= Baukungri Hajw Gakhwnai =

The "Baukungri Hajw Gakhwnai" also known as the "Trekking of Baukungri Hill" is an annual traditional spiritual and adventurous event held at Baokhungri Hill, near Harinaguri in the Kokrajhar district of the Bodoland Territorial Council ( BTC), Assam. It is held annually on the auspicious occasion of Chaitra Sankranti the final day of the Chaitra month, occurring in mid-April and signaling the beginning of Rongjali Bwisagu (the Bodo New Year).

In recent years, the Tourism Department of the BTC has transformed this traditional custom into a large-scale three-day organized event called the Baokhungri Festival. Though the central spiritual attraction continues to be the mass hill trek, the festival has expanded to include an ethnic food festival, cultural performances, and a range of traditional and contemporary adventure sports aimed at promoting ecotourism in Bodoland (BTR).

==History==
Celebrated on a day before Bwisagu by the Bodo people the tourism department of BTC has taken up to celebrate the traditional customs as annual festival since the last five years in a grand way, by introducing various programmes and adventurous sports to attract tourists from outside or in other words through systematic and organised way.
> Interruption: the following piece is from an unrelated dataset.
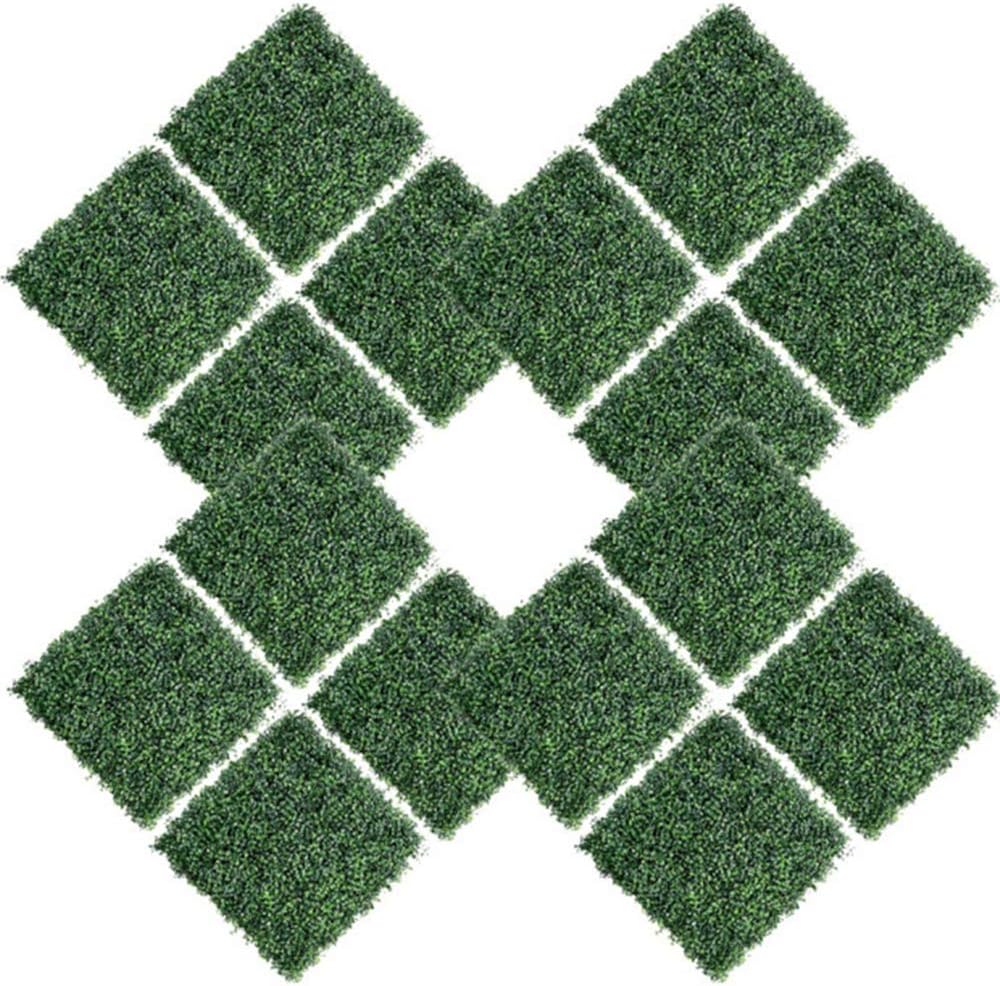 16PCS 20"x20" Artificial Boxwood Panels Topiary Hedge Plant UV Protected Faux Grass Wall Greenery Mats for Outdoor Garden Fence Backyard and Indoor Home Wedding Decoration, Dark Green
Though it was celebrated by the Bodos in a traditional way in earlier times, in present times, thousands of people, irrespective of caste, creed and religions, throng and climb the Baukungri peak with festivity mood for welcoming the Bwisagu festival.

==Events==
The events typically include trekking of the Baukungri Hill, an ethnic food festival, a cultural show, and adventurous and indigenous sports.

==Tourists==
International tourists from neighbouring countries and western countries can be seen participating in the event.